Ads are set to run in Montana, West Virginia, Arizona, New Hampshire and Nevada — states in which Republicans are either set to challenge Democrats in 2022, or where centrist senators may be more responsive to constituents’ concerns that are based on false or misleading information about the bill.

The ads do indeed contain deliberately misleading information. One ad, for example, claims that the bill would “enshrine ballot harvesting” because it would allow third party groups or individuals to collect ballots, purportedly making voting more open to fraud.

The practice of collecting another person’s ballot is not as nefarious as the ad campaign makes it out to be because it is already allowed (with a voter’s permission) in 26 states across the country, while another 10 states allow family members to turn in ballots on someone’s behalf.

Law has said that One Nation PAC plans to run the ads over the next week or so, with more ads planned for the future.

“This won’t be our last engagement on this issue,” he said. “I think this is really the beginning of a long march, not a single skirmish on the legislation.”

Law probably has more than just his political beliefs driving his opposition to the legislation — the bill would also affect how his PAC would receive political donations, as the For the People Act seeks to limit the influence of dark money in politics by requiring public disclosures for third party organizations.

In the 2020 elections alone, One Nation PAC spent around $75 million without disclosing where any of that money had come from.

Beyond providing a little sunshine on dark money spending, the For the People Act seeks to make it easier for people to register to vote and to cast ballots. It also calls for congressional maps, drawn every 10 years by state legislatures, to instead be crafted by nonpartisan agencies established by states to ensure the maps are fairly drawn.

The bill is viewed by several voting rights groups as necessary to stop voter suppression efforts happening right now in a number of Republican-controlled states across the country.

“These laws affect voters of color, young voters, poor voters,” the Brennan Center’s Michael Waldman said. “Their intent is often unambiguous. One of the sponsors of these bills in Arizona said the purpose was to make sure that only ‘quality’ voters could vote — not that everyone would have the right to vote. That does not strike me as true to our American spirit.”

Waldman added that the bill would stop the GOP effort at voter suppression “in its tracks.”

The bill, beyond being a positive force for protecting the right to vote, is also widely popular, with majorities among both Democratic and Republican voters backing its provisions when presented in a way without partisan labeling (i.e. leaving out information about which party supports it and which opposes it).

A recent Vox/Data for Progress poll asked respondents the following question:

The For the People Act is a voting reform bill that would make it easier to vote, limit the influence of money in politics, and require congressional districts to be drawn by a non-partisan commission so that no one party has an advantage.

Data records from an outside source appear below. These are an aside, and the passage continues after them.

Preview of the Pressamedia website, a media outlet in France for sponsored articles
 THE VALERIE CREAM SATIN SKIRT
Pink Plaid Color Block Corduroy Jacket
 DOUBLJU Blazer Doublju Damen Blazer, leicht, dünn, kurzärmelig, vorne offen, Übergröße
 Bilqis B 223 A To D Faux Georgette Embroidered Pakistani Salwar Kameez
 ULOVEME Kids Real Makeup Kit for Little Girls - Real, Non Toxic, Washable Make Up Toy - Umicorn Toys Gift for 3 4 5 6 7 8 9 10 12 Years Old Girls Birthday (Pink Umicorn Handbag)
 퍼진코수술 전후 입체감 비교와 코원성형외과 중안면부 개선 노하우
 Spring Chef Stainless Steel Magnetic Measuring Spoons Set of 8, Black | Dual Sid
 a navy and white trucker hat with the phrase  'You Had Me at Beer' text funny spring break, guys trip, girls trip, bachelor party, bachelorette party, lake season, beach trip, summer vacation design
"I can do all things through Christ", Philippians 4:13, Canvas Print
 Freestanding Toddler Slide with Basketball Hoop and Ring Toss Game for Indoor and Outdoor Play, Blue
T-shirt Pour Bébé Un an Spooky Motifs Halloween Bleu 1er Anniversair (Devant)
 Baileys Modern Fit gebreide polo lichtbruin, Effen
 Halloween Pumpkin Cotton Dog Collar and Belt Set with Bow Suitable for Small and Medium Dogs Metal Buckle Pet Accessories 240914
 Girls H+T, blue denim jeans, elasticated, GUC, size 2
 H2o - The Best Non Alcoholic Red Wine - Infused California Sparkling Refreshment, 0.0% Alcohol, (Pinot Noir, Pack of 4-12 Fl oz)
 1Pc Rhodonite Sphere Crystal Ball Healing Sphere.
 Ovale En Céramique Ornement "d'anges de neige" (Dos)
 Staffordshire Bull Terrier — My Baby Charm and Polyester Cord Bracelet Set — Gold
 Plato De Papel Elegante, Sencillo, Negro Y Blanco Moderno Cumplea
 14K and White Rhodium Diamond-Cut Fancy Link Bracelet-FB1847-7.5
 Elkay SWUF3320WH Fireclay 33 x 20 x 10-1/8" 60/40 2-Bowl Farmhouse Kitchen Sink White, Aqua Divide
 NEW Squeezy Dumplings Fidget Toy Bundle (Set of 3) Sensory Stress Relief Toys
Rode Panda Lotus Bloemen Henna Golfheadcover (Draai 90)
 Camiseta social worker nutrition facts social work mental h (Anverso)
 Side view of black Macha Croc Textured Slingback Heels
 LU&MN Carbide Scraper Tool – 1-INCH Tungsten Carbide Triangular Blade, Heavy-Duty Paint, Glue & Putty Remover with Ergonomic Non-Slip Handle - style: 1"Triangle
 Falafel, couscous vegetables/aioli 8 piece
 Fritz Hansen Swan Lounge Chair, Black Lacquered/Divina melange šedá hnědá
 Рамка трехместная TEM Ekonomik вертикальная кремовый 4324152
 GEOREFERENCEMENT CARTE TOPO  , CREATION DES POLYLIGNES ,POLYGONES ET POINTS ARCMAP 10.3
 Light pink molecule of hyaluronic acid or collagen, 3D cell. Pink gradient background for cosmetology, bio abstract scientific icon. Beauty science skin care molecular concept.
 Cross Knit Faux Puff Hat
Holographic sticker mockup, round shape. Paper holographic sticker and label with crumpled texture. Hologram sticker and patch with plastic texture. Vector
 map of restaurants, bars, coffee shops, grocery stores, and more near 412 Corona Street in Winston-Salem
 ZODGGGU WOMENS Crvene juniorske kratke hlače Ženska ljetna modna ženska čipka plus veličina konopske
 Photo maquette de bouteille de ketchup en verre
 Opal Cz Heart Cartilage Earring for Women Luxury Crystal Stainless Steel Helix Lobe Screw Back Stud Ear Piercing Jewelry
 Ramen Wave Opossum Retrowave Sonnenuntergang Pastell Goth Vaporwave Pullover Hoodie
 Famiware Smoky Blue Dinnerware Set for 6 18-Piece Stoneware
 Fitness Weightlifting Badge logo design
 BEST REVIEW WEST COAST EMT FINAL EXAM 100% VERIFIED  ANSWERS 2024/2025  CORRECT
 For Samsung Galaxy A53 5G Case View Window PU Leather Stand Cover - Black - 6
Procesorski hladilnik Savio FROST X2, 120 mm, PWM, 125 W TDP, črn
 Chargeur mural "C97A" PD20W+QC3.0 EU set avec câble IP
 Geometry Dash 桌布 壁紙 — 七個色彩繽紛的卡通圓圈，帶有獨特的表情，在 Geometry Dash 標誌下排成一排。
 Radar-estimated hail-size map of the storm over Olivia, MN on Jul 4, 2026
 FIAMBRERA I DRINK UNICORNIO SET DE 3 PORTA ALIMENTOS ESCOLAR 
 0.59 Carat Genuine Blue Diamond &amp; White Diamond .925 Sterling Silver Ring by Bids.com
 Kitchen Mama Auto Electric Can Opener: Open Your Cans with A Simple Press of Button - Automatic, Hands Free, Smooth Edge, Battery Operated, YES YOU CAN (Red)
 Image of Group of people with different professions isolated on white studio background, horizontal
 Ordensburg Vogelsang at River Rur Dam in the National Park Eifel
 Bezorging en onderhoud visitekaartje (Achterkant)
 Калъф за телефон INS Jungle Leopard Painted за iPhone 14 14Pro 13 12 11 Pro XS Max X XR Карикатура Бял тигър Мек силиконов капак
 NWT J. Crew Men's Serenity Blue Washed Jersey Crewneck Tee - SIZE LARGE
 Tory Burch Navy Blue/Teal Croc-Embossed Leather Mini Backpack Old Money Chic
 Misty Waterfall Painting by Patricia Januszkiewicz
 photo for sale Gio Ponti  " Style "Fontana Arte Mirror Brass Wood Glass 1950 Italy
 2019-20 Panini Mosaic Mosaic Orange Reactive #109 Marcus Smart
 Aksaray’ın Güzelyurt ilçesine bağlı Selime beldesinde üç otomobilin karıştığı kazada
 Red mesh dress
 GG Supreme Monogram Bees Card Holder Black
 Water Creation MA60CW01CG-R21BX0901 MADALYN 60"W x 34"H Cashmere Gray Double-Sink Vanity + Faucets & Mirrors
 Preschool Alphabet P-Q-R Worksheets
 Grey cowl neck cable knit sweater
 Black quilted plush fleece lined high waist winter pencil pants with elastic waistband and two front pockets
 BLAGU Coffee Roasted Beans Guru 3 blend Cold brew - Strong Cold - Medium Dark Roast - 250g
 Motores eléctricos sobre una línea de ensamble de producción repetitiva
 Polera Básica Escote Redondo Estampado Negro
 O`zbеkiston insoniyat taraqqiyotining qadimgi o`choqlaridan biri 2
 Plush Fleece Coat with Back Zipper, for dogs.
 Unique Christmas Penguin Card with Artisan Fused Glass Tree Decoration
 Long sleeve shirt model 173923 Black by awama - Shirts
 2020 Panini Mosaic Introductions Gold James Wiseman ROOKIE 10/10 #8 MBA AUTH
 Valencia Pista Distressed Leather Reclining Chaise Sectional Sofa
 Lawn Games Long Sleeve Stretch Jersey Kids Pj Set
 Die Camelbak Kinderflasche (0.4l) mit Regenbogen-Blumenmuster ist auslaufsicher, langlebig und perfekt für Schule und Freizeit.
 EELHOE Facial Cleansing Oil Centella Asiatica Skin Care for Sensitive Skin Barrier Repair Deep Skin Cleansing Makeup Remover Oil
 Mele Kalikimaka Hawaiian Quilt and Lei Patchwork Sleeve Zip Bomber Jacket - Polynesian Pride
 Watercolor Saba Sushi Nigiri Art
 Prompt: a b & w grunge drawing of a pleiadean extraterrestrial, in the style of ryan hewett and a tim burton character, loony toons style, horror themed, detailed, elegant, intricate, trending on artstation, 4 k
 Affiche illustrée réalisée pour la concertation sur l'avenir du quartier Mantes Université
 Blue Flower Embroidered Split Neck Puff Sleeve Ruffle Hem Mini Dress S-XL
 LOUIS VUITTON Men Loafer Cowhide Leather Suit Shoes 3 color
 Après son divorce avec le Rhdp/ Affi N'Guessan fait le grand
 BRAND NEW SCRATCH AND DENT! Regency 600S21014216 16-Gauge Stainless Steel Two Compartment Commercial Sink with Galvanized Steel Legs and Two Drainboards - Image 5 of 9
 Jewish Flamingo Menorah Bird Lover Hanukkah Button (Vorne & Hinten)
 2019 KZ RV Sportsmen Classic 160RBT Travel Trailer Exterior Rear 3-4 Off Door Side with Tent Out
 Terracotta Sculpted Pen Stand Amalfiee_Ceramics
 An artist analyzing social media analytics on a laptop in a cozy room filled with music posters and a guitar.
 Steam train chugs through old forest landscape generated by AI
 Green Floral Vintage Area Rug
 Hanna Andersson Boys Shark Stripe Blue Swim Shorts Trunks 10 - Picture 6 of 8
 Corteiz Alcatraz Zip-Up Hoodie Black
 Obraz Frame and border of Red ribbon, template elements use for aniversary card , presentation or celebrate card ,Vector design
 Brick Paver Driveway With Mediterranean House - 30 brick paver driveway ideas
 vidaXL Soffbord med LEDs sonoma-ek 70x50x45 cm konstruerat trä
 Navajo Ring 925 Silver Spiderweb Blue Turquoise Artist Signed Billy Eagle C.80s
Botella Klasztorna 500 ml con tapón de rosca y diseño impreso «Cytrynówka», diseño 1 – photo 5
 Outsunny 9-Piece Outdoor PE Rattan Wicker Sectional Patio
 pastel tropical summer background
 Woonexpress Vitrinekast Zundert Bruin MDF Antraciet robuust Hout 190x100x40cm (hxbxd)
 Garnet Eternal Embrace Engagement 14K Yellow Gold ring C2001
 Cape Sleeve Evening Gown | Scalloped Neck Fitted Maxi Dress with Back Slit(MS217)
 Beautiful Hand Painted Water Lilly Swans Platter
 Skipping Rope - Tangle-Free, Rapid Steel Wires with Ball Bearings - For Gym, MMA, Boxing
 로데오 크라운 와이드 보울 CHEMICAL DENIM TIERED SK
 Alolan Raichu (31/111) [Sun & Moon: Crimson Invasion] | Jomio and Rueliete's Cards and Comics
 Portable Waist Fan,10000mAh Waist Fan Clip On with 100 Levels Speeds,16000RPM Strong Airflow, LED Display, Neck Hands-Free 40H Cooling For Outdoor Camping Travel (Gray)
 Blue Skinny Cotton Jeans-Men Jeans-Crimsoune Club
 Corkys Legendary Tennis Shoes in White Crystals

Do you support or oppose the For the People Act?

When asked in that way, 69 percent of respondents said they backed the bill — with 85 percent of Democrats, 70 percent of independents, and 52 percent of Republicans voicing support for the bill and its provisions.

A majority of independents and Democrats backed most of the reforms included in the bill on an individual basis, too. But Republicans also showed surprising support (given how staunchly opposed GOP lawmakers have been to the legislation) for a number of issues.

GOP-leaning respondents in the poll were split on the issue of automatic voter registration, with 44 percent in favor of that provision and 46 percent opposed. On the issue of same-day voter registration, a plurality (49 percent) said they backed the idea. A majority, 56 percent of Republican voters, said they supported a guarantee of 15 days of early voting, and an overwhelming 80 percent of Republican respondents said they supported provisions that would limit the influence of money in politics.